WHAT YOU SHOULD DO: Copy out all of the data below exactly, so that no word differs from the original.

[Brief descriptive captions]
***

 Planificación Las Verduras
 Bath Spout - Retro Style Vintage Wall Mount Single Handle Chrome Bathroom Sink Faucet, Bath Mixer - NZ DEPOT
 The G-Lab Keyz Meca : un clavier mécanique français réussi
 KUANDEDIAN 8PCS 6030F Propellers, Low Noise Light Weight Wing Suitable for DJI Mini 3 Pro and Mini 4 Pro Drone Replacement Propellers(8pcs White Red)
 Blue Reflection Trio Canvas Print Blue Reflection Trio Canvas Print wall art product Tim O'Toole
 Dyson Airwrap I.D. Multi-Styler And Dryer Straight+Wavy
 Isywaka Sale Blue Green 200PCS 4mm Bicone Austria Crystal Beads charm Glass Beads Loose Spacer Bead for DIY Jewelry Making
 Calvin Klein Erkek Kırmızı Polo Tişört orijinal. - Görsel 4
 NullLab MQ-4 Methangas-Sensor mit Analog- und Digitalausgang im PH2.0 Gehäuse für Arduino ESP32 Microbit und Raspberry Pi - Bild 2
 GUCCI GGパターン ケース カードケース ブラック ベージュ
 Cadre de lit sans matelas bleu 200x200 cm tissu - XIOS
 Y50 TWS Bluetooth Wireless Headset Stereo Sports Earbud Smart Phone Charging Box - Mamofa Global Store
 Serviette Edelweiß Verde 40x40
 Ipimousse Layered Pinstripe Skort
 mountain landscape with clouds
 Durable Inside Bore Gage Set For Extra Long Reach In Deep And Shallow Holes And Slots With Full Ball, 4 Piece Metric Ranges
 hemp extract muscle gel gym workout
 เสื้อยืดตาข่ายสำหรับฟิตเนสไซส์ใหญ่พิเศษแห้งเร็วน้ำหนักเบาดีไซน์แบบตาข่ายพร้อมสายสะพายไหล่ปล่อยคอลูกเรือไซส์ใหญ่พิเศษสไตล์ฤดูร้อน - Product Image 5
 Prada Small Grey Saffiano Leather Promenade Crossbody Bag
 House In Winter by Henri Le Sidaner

***

FINAL ANSWER:
 Planificación Las Verduras
 Bath Spout - Retro Style Vintage Wall Mount Single Handle Chrome Bathroom Sink Faucet, Bath Mixer - NZ DEPOT
 The G-Lab Keyz Meca : un clavier mécanique français réussi
 KUANDEDIAN 8PCS 6030F Propellers, Low Noise Light Weight Wing Suitable for DJI Mini 3 Pro and Mini 4 Pro Drone Replacement Propellers(8pcs White Red)
 Blue Reflection Trio Canvas Print Blue Reflection Trio Canvas Print wall art product Tim O'Toole
 Dyson Airwrap I.D. Multi-Styler And Dryer Straight+Wavy
 Isywaka Sale Blue Green 200PCS 4mm Bicone Austria Crystal Beads charm Glass Beads Loose Spacer Bead for DIY Jewelry Making
 Calvin Klein Erkek Kırmızı Polo Tişört orijinal. - Görsel 4
 NullLab MQ-4 Methangas-Sensor mit Analog- und Digitalausgang im PH2.0 Gehäuse für Arduino ESP32 Microbit und Raspberry Pi - Bild 2
 GUCCI GGパターン ケース カードケース ブラック ベージュ
 Cadre de lit sans matelas bleu 200x200 cm tissu - XIOS
 Y50 TWS Bluetooth Wireless Headset Stereo Sports Earbud Smart Phone Charging Box - Mamofa Global Store
 Serviette Edelweiß Verde 40x40
 Ipimousse Layered Pinstripe Skort
 mountain landscape with clouds
 Durable Inside Bore Gage Set For Extra Long Reach In Deep And Shallow Holes And Slots With Full Ball, 4 Piece Metric Ranges
 hemp extract muscle gel gym workout
 เสื้อยืดตาข่ายสำหรับฟิตเนสไซส์ใหญ่พิเศษแห้งเร็วน้ำหนักเบาดีไซน์แบบตาข่ายพร้อมสายสะพายไหล่ปล่อยคอลูกเรือไซส์ใหญ่พิเศษสไตล์ฤดูร้อน - Product Image 5
 Prada Small Grey Saffiano Leather Promenade Crossbody Bag
 House In Winter by Henri Le Sidaner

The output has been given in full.